[Exercise instructions]: From the line that holds "Caixa Bento compostável" down to the last line of the listing below, transcribe exactly and only those lines. Leave pictures out.

[Information shown]:
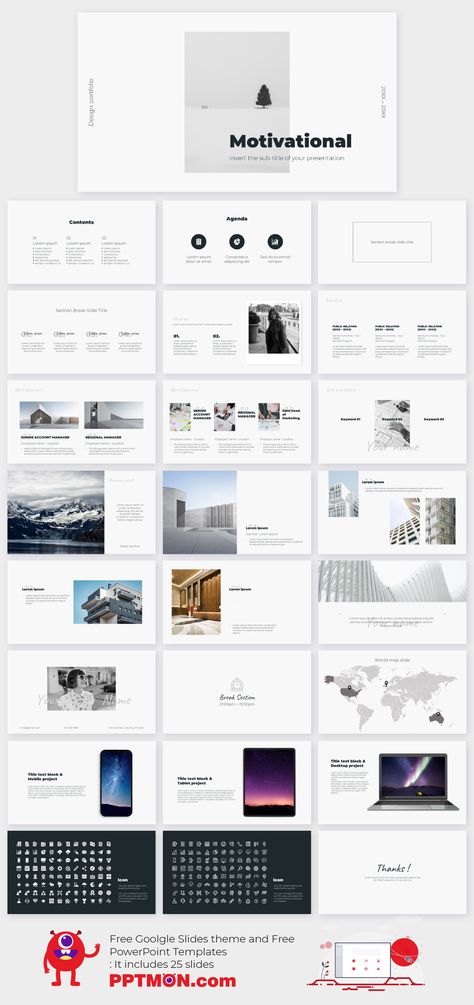 Motivational Free Google Slides Theme and PowerPoint Template – presentation by PPTMON Presentation Minimal Design, Divider Slide Design Powerpoint, Minimal Slide Design, Minimal Ppt Design, Minimal Powerpoint Design, Minimal Portfolio Design, Minimal Presentation Design, Business Model Template, Ppt Ideas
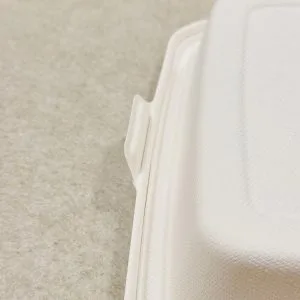 Caixa Bento compostável para takeaway com 3 compartimentos e tampa, 1000 ml (10 unidades)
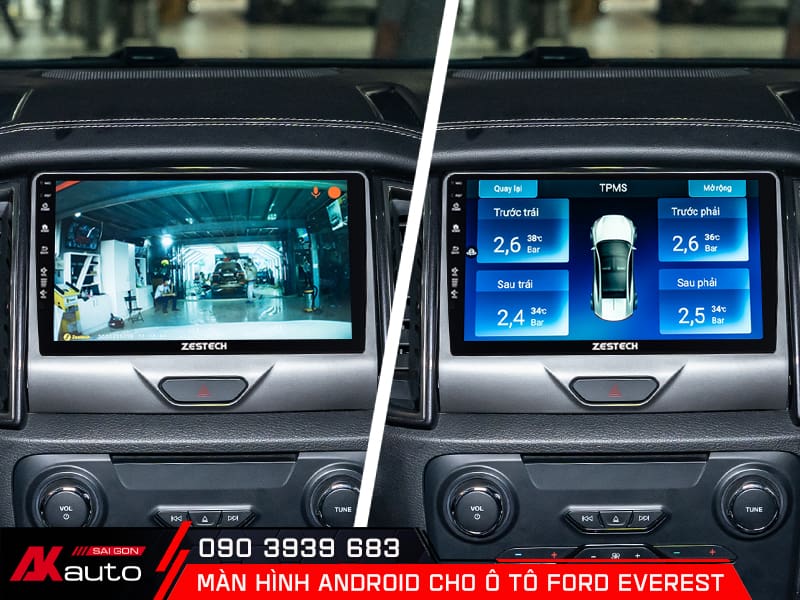 Màn hình ô tô Ford Everest hiển thị tích hợp camera và áp suất lốp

[Finished exercise]:
 Caixa Bento compostável para takeaway com 3 compartimentos e tampa, 1000 ml (10 unidades)
 Màn hình ô tô Ford Everest hiển thị tích hợp camera và áp suất lốp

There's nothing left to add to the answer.